Anyway, the man's fieldwork is so fucking detailed.
You compare it to what we did at Broken Mammoth and it's like using a bulldozer vs a toothbrush to move dirt.
We only looked for rather large items (unless it came to debitage, small rock chippings) whereas Adovasio looked for pollen and other such deterrioratable objects, such as baskets and weavings (his specialty).
What this is making it look like though, is a much better argument for the legitamacy for the site.
Many people chalk up bad dates to contaminated coal flowing through the rockshelter, but Adovasio talks his way out of it saying that the people doing it were the best in the country and that he has multiple (11) that was much more that most sites at that time could boast.
I'm still looking to get through it, but he has stomped on the problem that most people seem to have with the site:
At the time, Meadowcroft was only about 40-some miles away from the glacial maximum. Most people hypothesize that this would make life (not only human life, but other biota) impossible.
This is, in fact untrue, if you check out areas around Alaska, where people can walk around in tee shirts in good weather with the forests sustaining animal life.
before this, Adovasio was getting into the overkill vs. climatic change argument.
whether or not people killed off all large megafauna, or if the receding glaciers took its toll on the animals.
Adovasio is very opinionated, but for the life of me i can't remember which way he leaned.
I'm sure he made his point clear... He was ragging on Metzler. Who wrote shit with my prof Grayson. who were saying that there wasn't much proof of interaction between Pleistocene fauna and man.
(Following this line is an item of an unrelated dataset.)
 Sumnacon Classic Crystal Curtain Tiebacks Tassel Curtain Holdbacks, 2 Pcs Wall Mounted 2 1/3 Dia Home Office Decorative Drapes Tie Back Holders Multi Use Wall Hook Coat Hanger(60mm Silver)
Maybe they were going for the climate, and Adovasio was for overkill.
don't know for sure, but we'll go with that.
either way, it doesn't really matter (for my purposes).
why i mentioned this, was cuz today at the pool, i saw a guy carrying a book entitled "fieldbook".
i was interested, cuz it looked like outdoorsy stuff was on the pages he was looking at.
come to find out, it was a boy scout handbook.
it wasn't anything archaeologically related, but it just so happened to be another topic that i'm fairly well-versed in. his kid's 12 and a tenderfoot.
anyway. we were talking about how boy scouts is the best thing for young people cuz it exposes them to so much stuff that normal kids wouldn't really get to see, namely nature.
somehow this took us to the weather.
where he tells me that weather patterns here have changed a lot in the last 40 years.
it used to drizzle all the time and have generally many overcast days.
he says (i guess) that it's different now. the rain comes a little harder and when its done raining, the sun usually is able to burn away the clouds.
then he goes to say that spring comes about a week earlier and that it messes with the herding animals.
that's what i've always wanted to know!
if animals can get fucked up in 40 years time, imagine what one thousand years of climatic change can do.
breeding will be off, young can't keep up, food might be scarce.
things will die or not propagate properly.
16,000 years ago, people may have been in meadowcroft, PA, but now it seems somewhat possible that nature may have done it on its own.
personally i had been leaning more on the overkill side, but now this opens up a whole new avenue of thought!
dammit! the more you learn, the less you know!
i always had the notion that climatic change was the main killer, but overkill was the final dagger.
i guess that could still be true.
look around at island examples.
well. actually most of those are advocates of overkill: hawaii, pitcairns, where ever the crap the dodo's are from.
but i guess there's still places like easter island and new zealand that hold out for a bit of hope that environment is the real killer and man is just stupid enough to bring the final demise of a given (tasty) species.